Przerwa pracy terminalu LNG na Sachalinie zachwiała pewnością dostaw LNG w Azji, windując ceny tego paliwa na giełdzie – czytamy w agencji Platts.
Problemy na Sachalinie
Usterka w gazoporcie Sachalin LNG firmy Sachalin Energy spowodowała zatrzymania pracy jednej z dwóch linii technologicznej. Naprawa ma potrwać kilka dni. Firma nie przewiduje istotnych opóźnień terminarza dostaw.

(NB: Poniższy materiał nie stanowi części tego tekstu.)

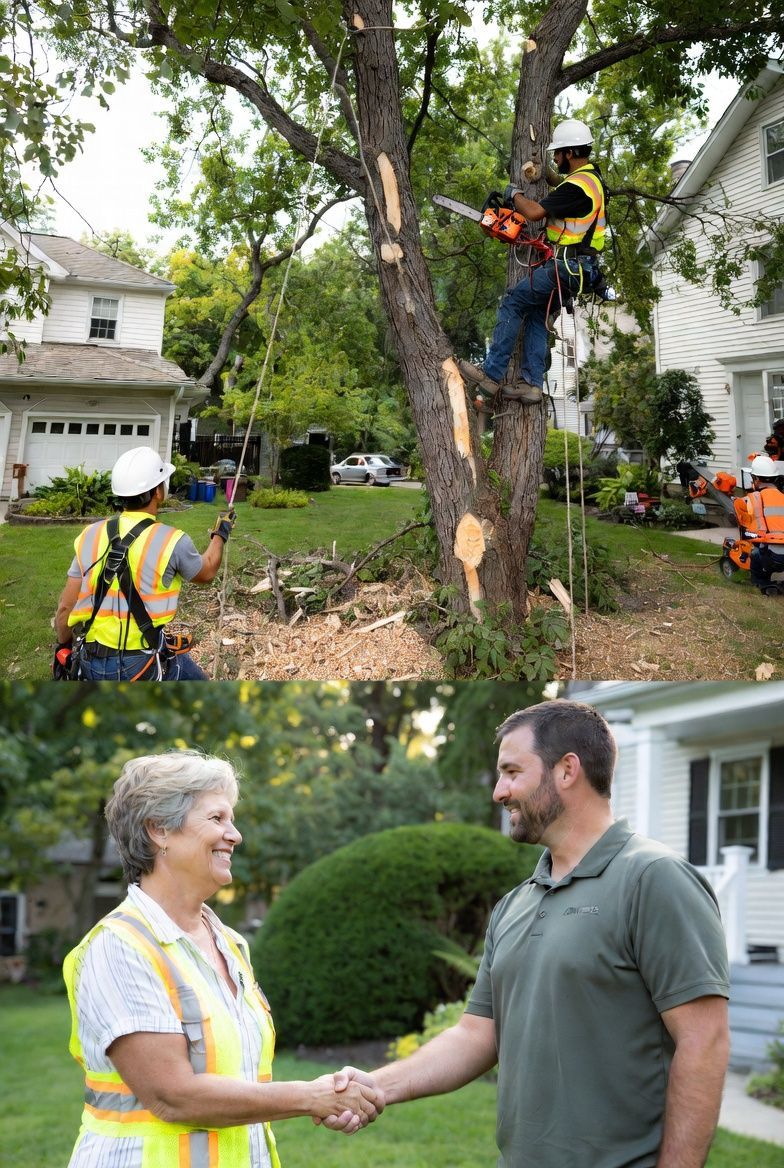7 Key Reasons to Choose Anjoe Tree Service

Sachalin Energy należy do Gazpromu (50 procent akcji), Shella (27,5 procent), Mitsui (12,5 procent) i Mitsubishi (10 procent). Całkowita przepustowość znamionowa Sachalin LNG to 9,6 mln ton rocznie, ale obiekt produkuje systematycznie powyżej 10 mln ton metrycznych gazu skroplonego rocznie.
Cena LNG w Azji rośnie
Mimo to rynek zareagował podwyżką. Cena futures na październik wzrosła o 10,1 centów za MMBtu do 11,375 dolarów. Problemy na Sachalinie podkopały zaufanie do dostaw realizowanych z tamtejszego gazoportu do Korei Południowej i Japonii.
Przerwa pracy ze stycznia 2016 roku spowodowała spadek produkcji o 50 procent, deklarację siły wyższej, oraz podwyżkę ceny LNG na giełdzie o 17 procent. Wzrosła ona o 85 centów za MMBtu w cztery dni z historycznego minimum w wysokości 4,95 dolarów za MMBtu.
Problemy na Sachalinie mogą się przeciągnąć i wpłynąć na terminarz dostaw LNG – przekonują rozmówcy agencji Platts.
Wzrost cen LNG w Azji zwiększy atrakcyjność tego rynku w porównaniu z europejskim, na którym panują niższe ceny, dzięki zróżnicowanym dostawom z różnych kierunków.